● Data supplied:
---*---
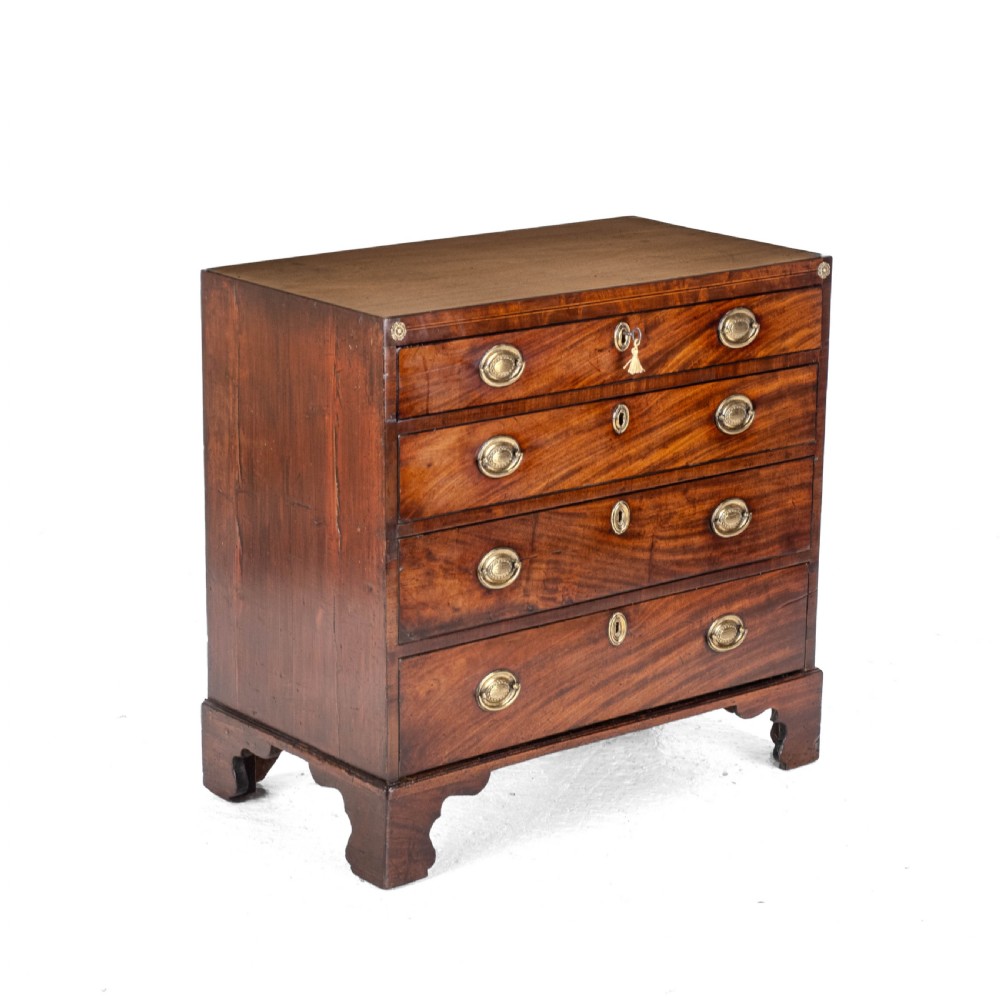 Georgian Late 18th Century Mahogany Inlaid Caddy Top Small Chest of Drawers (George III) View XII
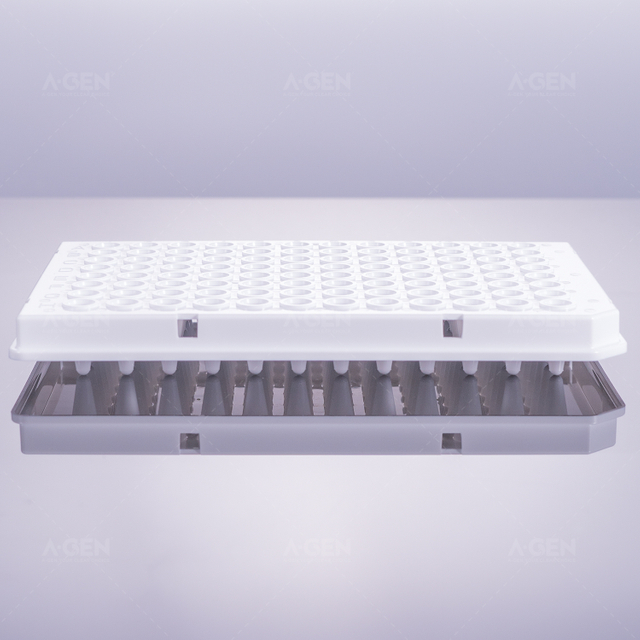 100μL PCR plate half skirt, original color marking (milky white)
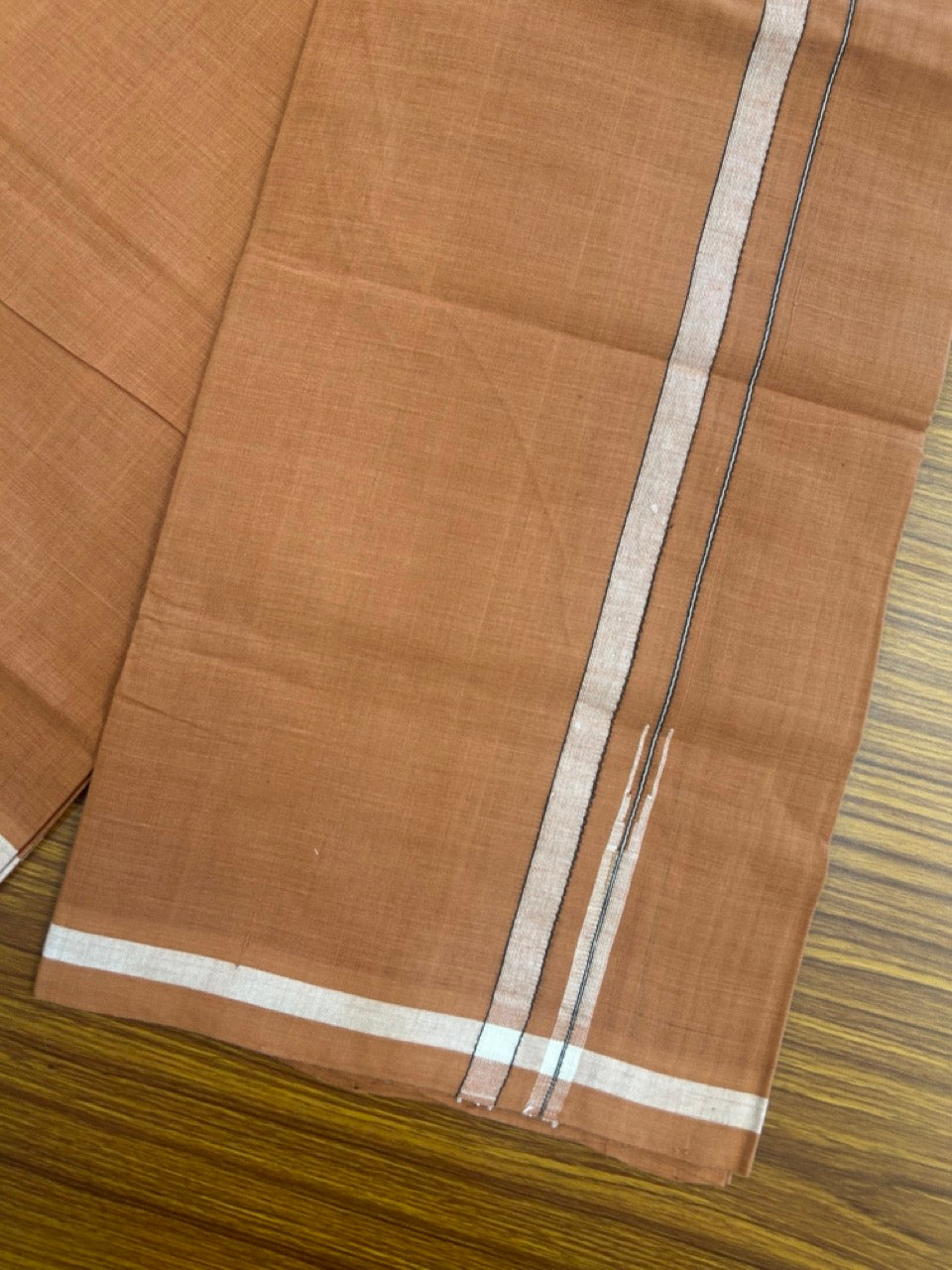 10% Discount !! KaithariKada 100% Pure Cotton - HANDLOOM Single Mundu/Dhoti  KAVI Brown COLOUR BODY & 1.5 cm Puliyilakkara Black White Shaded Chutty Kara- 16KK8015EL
---*---
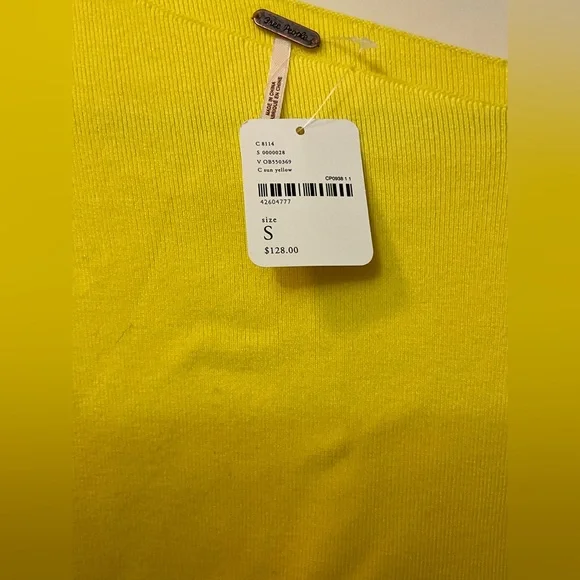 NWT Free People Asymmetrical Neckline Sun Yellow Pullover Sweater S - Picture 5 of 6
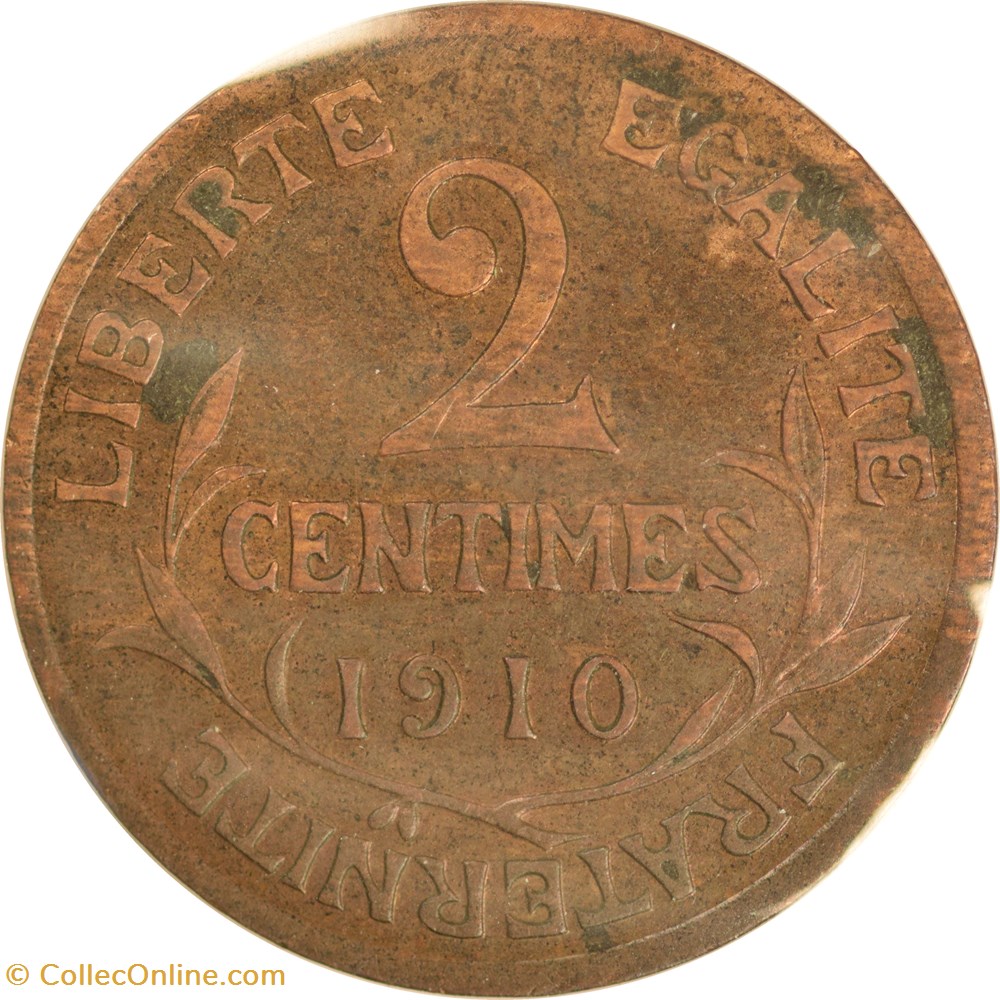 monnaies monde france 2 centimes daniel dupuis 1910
---*---
● What you will do:
From the material above, give again exactly the lines from the one that contains "NWT Free People" through the one that contains "monnaies monde france", and leave out the pictures.

● Response to the exercise:
 NWT Free People Asymmetrical Neckline Sun Yellow Pullover Sweater S - Picture 5 of 6
 monnaies monde france 2 centimes daniel dupuis 1910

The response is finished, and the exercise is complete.